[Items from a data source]
-- Opening Marker --

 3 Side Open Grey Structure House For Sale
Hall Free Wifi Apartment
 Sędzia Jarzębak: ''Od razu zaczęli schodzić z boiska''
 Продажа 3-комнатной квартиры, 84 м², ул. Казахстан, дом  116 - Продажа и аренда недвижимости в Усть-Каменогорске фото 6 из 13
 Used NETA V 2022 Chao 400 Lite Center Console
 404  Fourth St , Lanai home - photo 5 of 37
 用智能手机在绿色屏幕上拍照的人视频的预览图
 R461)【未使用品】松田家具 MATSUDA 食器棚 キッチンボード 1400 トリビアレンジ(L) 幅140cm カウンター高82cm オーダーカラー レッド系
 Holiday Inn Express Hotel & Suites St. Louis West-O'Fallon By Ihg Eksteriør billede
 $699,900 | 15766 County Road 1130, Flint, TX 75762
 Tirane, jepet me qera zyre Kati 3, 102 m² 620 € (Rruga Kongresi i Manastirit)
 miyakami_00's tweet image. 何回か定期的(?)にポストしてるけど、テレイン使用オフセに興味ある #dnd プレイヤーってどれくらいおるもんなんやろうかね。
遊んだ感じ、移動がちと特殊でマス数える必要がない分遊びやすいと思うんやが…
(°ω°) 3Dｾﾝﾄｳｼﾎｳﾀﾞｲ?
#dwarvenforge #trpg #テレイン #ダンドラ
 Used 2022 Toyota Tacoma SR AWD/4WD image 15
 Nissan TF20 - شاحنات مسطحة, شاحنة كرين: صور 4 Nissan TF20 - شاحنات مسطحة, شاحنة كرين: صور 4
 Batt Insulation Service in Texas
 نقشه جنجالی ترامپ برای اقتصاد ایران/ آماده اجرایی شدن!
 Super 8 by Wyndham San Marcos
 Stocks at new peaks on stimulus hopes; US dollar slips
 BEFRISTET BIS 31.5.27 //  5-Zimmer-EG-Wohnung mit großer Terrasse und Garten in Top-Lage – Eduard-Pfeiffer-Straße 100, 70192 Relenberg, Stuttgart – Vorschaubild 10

-- Closing Marker --

## WORK INSTRUCTION
In full and without alteration, return every line above.

## EXPECTED OUTPUT
 3 Side Open Grey Structure House For Sale
Hall Free Wifi Apartment
 Sędzia Jarzębak: ''Od razu zaczęli schodzić z boiska''
 Продажа 3-комнатной квартиры, 84 м², ул. Казахстан, дом  116 - Продажа и аренда недвижимости в Усть-Каменогорске фото 6 из 13
 Used NETA V 2022 Chao 400 Lite Center Console
 404  Fourth St , Lanai home - photo 5 of 37
 用智能手机在绿色屏幕上拍照的人视频的预览图
 R461)【未使用品】松田家具 MATSUDA 食器棚 キッチンボード 1400 トリビアレンジ(L) 幅140cm カウンター高82cm オーダーカラー レッド系
 Holiday Inn Express Hotel & Suites St. Louis West-O'Fallon By Ihg Eksteriør billede
 $699,900 | 15766 County Road 1130, Flint, TX 75762
 Tirane, jepet me qera zyre Kati 3, 102 m² 620 € (Rruga Kongresi i Manastirit)
 miyakami_00's tweet image. 何回か定期的(?)にポストしてるけど、テレイン使用オフセに興味ある #dnd プレイヤーってどれくらいおるもんなんやろうかね。
遊んだ感じ、移動がちと特殊でマス数える必要がない分遊びやすいと思うんやが…
(°ω°) 3Dｾﾝﾄｳｼﾎｳﾀﾞｲ?
#dwarvenforge #trpg #テレイン #ダンドラ
 Used 2022 Toyota Tacoma SR AWD/4WD image 15
 Nissan TF20 - شاحنات مسطحة, شاحنة كرين: صور 4 Nissan TF20 - شاحنات مسطحة, شاحنة كرين: صور 4
 Batt Insulation Service in Texas
 نقشه جنجالی ترامپ برای اقتصاد ایران/ آماده اجرایی شدن!
 Super 8 by Wyndham San Marcos
 Stocks at new peaks on stimulus hopes; US dollar slips
 BEFRISTET BIS 31.5.27 //  5-Zimmer-EG-Wohnung mit großer Terrasse und Garten in Top-Lage – Eduard-Pfeiffer-Straße 100, 70192 Relenberg, Stuttgart – Vorschaubild 10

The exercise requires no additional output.